Yesterday we saw politicians and commentators crowing about bigger than expected economic growth, up 0.8% for the quarter. Yet I keep meeting people who ask “If the economy’s growing, why does it feel so bad?” The answer is all about how the numbers work…
Way back in Nov 2008, I wrote a blog predicting exactly such tales of growth once the recession ended (see Recession’ll end soon: The joy of maths) and it’s roughly exactly what’s happening now. Here’s a cut and paste of some of what I wrote then…
What recession ending really means…
GDP (Gross Domestic Product) basically means the size of the economy, for ease of numbers lets imagine…
UK GDP = £1,000 billion (it’s actually bigger)
Recession then means two quarters of shrinking economy. We know it’s deep so let’s now imagine the economy contracts by 1% a quarter (3 months):
After quarter 1: UK GDP = £990 billion
After quarter 2: UK GDP = £980 billion
After quarter 3: UK GDP = £970 billion
After quarter 4: UK GDP = £961 billionSo a year on we’ve seen the economy shrink by £39bn or 3.9% in a year. Now imagine after the next quarter the economy now jumps to £962 billion, still massively smaller than it was when the recession started. Yet as this is growth of 0.1% the recession is technically over. More so technically even if the economy then shrunk again the next quarter we wouldn’t be in recession because two negative quarters are required.
So when you hear politicians talk about the end of the recession, they may not be talking common parlance. It doesn’t mean things have gone back to how they were. It simply means things have stopped getting any worse.”
What’s happened in practice
This GDP growth graph from the Office for National Statistics is a pretty realistic illustration of the current “the economy’s growing” language that we’re hearing:
Source: Office of National Statistics
It shows that the current rise is nowhere near as big as the recession’s fall, so overall the economy is still substantially smaller than pre-recession.
Think in terms of acceleration and growth
While this is very obvious to those who follow finance, it can be very confusing for others. The best way to think about it is a bit like acceleration and speed when it comes to driving a car.

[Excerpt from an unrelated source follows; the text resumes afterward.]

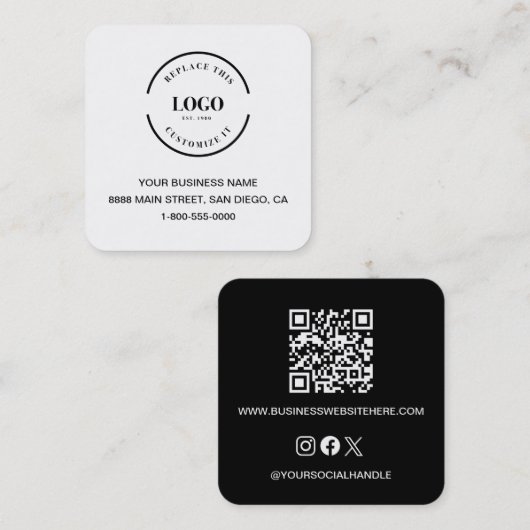 Carte De Visite Carré Modern Black White Business Branding QR code (Devant / Derrière)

If someone is driving at 50mph and accelerates to 60mph, they have momentum, but they’re still going more slowly than someone driving at a constant 70mph.

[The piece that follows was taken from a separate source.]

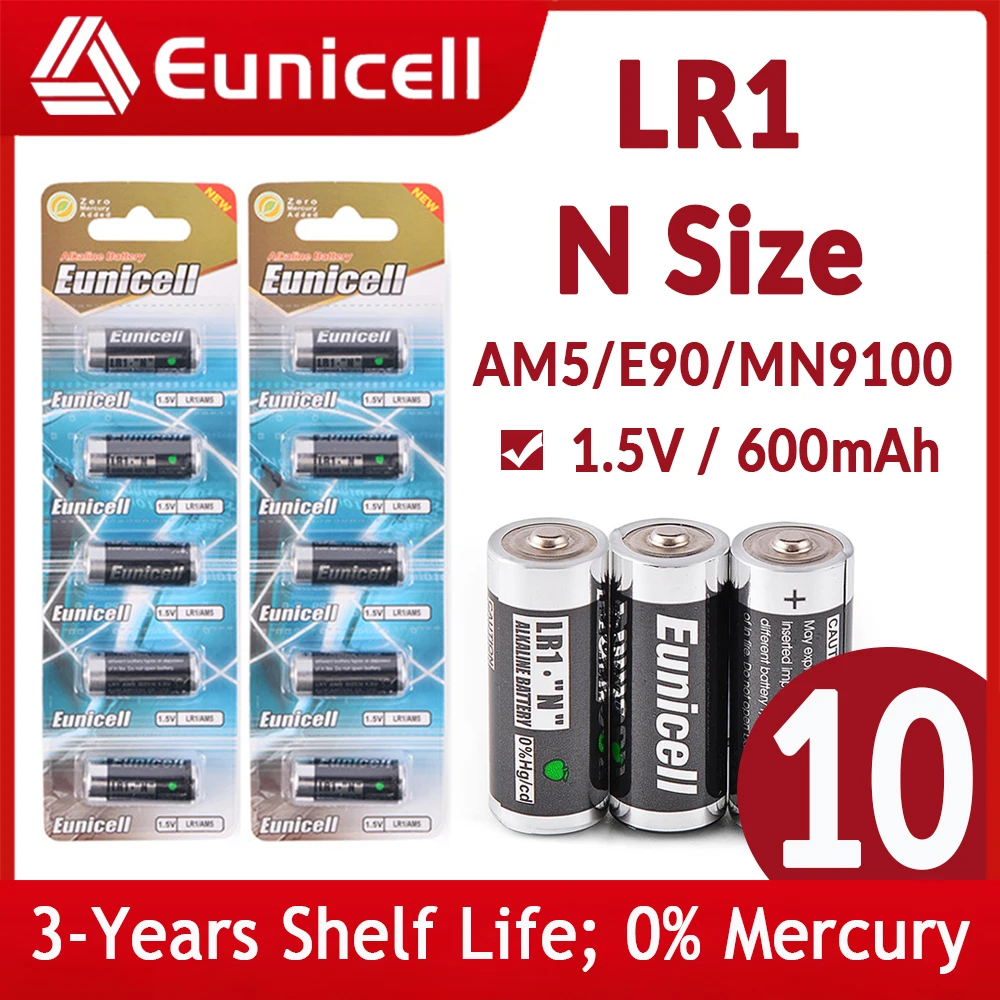 Eunicell 10 шт. 1 5 в LR1 N размер батареи E90 AM5 MN9100 910A для Bluetooth сигнализации плееров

And our economy may be moving in the right direction, but it’s still smaller than pre-recession.
Now please don’t think me a curmudgeon here, I’m not decrying the growth. It’s great news that we’re in the recovery phase and I hope it continues. Yet this does answer the “”If the economy’s growing, why does it feel so bad?” question.
And there are other factors too: personal bankruptcy for example tends to time-lag in recessions. The peek can be two years afterwards, as people who’ve been clinging on finally succumb, so while it’s joyous that things are improving and it lets us look forward to the future, we’re far from out of the woods.